Give the data below again exactly as written, without its pictures.

**DATA:**

+++

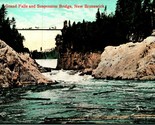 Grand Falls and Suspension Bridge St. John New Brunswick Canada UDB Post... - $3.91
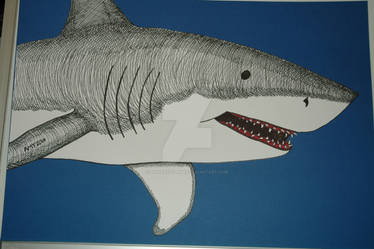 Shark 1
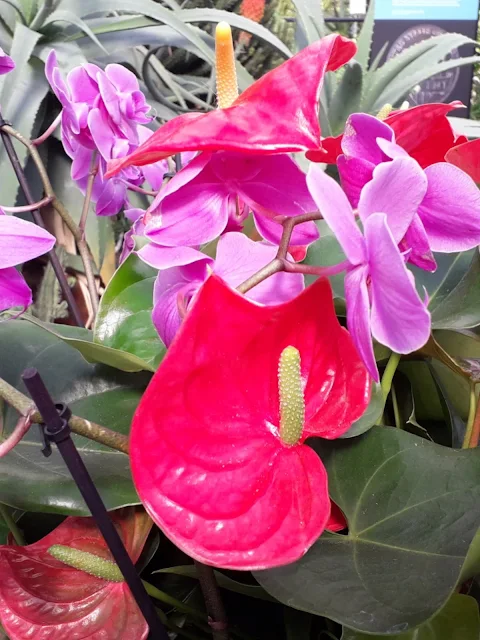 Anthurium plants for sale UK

+++

**SOLUTION TO THIS PROBLEM:**
 Grand Falls and Suspension Bridge St. John New Brunswick Canada UDB Post... - $3.91
 Shark 1
 Anthurium plants for sale UK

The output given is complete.